Impact of low back pain on fear of movement and functional activities


Department of Musculoskeletal Physiotherapy, Ravi Nair Physiotherapy College, Datta Meghe Institute of Medical Sciences, Wardha, Maharashtra, India- 442001 , 9448857788

Abstract

Fear is an uncomfortable feeling, which results from the proximity of actual threat or pain. A strong correlation exists between fear and pain. Kinesiophobia is the phobia of activity and physical movement, which results from a sensation of sensitivity to painful injury or reinjury. Low back pain (LBP) is among the frequent disorders of the musculoskeletal system. LBP is mainly due to bad postures and poor organisational ergonomics. Kinesiophobia has adverse effects on rehabilitation outcomes. So the systematic application of graded exposure to movements is recommended in patients with Kinesiophobia to prevent pain-related anxiety. We compared Kinesiophobia's impact on patients with both acute and chronic LBP. We aimed to find out the role of Kinesiophobia in patients having LBP. The survey-based research using Tampa scale of Kinesiophobia was conducted with cross-sectional design. It included participants of both genders,in the age group of 18-65 who were diagnosed with acute and chronic low back pain. Tampa Scale for Kinesiophobia, Evaluation Performa, NPRS and Goniometer were used as outcome measures for the study. The patients were thoroughly examined, and they were evaluated using the Tampa Scale. Scoring to 17-items Tampa Scale was performedin4-point Likert scale varying from “strongly disagree” to “strongly agree.” After the inversion of items 4, 8, 12, 16, the final score was determined. The total score ranges from a minimum of 17 to a maximum of 68. It was concluded that Kinesiophobia plays a crucial role in LBP, especially chronic LBP.

Keywords

Low back pain (LBP), Kinesiophobia, Tampa scale

Introduction

Fear is an uncomfortable feeling caused by actual threat or discomfort when close to each other. It is one of humanity's oldest and intense emotions, which is as vile as a fox or as evil as the rack (Cook, Brawer, & Vowles, 2006). It serves as a tyrant or ruler to every physical and mental operation. Fear and pain share a close bond. Fear can motivate avoidance, which can either be the avoidance of pain leading to cognitive avoidance, or avoidance of painful activities leading to behavioural avoidance. On the contrary, the phobia is an extreme, chronic and unreasonable fear of specific things, circumstances, or behaviours (French, France, Vigneau, French, & Evans, 2007). It is out of proportion to the perceived danger or hazard.

KINESIOPHOBIA is the phobia of activity and physical movement, which arise as a consequence of a feeling of susceptibility to painful injury or reinjury. In the chronic pain community, it is a crucial indicator of pain disability (Lundberg, Styf, & Carlsson, 2004). Kinesiophobia can be assessed by psychometrically based tools such as Tampa Scale (TSK), Fear-Belief questionnaire (FBQ), etc..Miller, Kori, and Todd presented the Tampa Scale for Kinesiophobia. It's a list of 17 items rated into a 4-point Likert scale that ranges from "strongly disagree" to "strongly embrace" with scores varying from a minimum of 17 to a maximum of 68 (Goubert et al., 2004; Lundberg et al., 2004; Swinkels-Meewisse, Swinkels, Verbeek, Vlaeyen, & Oostendorp, 2003).

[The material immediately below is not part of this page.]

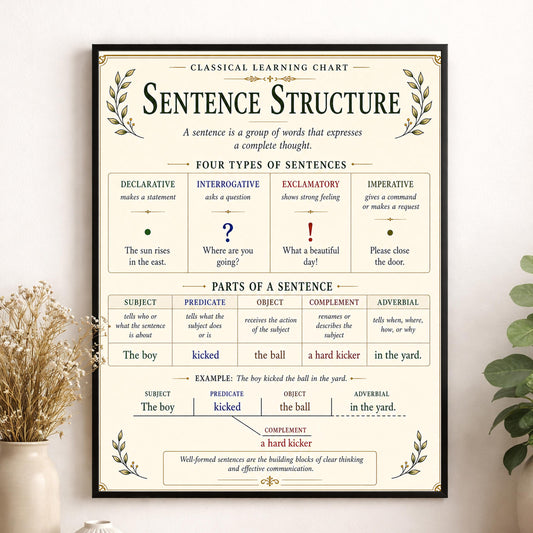 Sentence Structure Chart Wall Art Print, Classical Learning Poster, Grammar Language Teacher Classroom Reference, Homeschool, Room Decor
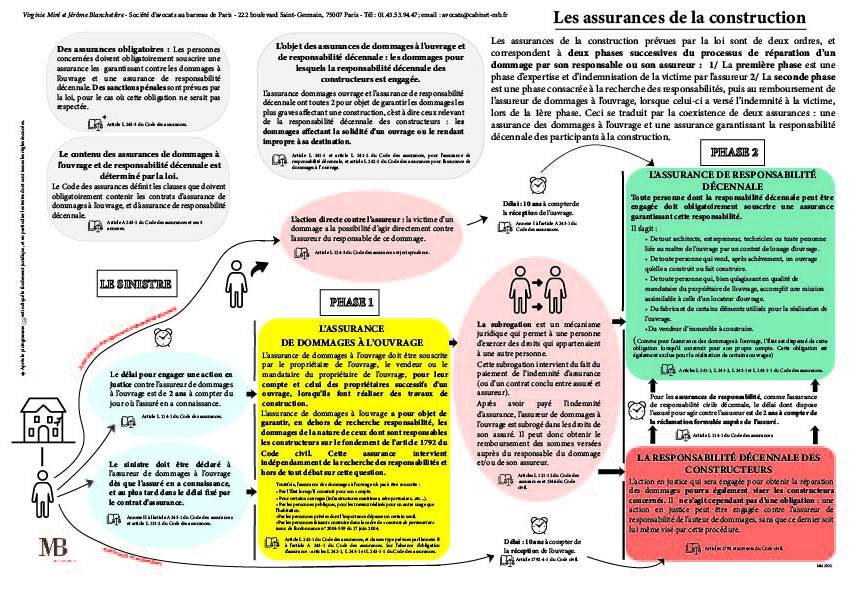 découvrez notre assurance travaux construction, une protection adaptée pour sécuriser vos projets de bâtiment. profitez d'une couverture complète qui garantit la sérénité de vos chantiers et protège votre investissement contre les imprévus.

Low back pain (LBP) is among the frequently occurring conditions of the musculoskeletal system. LBP is primarily due to bad postures and poor workplace ergonomics. At a certain point in their lives, it affects 85 per cent of adults resulting in work absenteeism (Ostelo, Swinkels-Meewisse, Vlaeyen, Knol, & Vet, 2007). Often, the LBP is managed conservatively. Physical therapy, in the form of physical exercises, plays a significant role in the management of LBP. Kinesiophobia has adverse impacts on rehabilitation outcomes (Nijs, Vanherberghen, Duquet, & Meirleir, 2004). So systematic application of graded sensitivity to movements is recommended in patients with Kinesiophobia to prevent pain-related anxiety. It also helps therapists distinguish between actual physical disorders and disorders caused by avoidance of fear (Cook et al., 2006; Grotle, Vøllestad, & Brox, 2006). In this research, the function of Kinesiophobia was assessed in patients with LBP.

Aims and Objectives

The research was aimed to evaluate the impact and problems of Kinesiophobia in patients with low back pain. In contrast, the objectives of this study were to compare the effect of Kinesiophobia inpatients with both acute and chronic LBP.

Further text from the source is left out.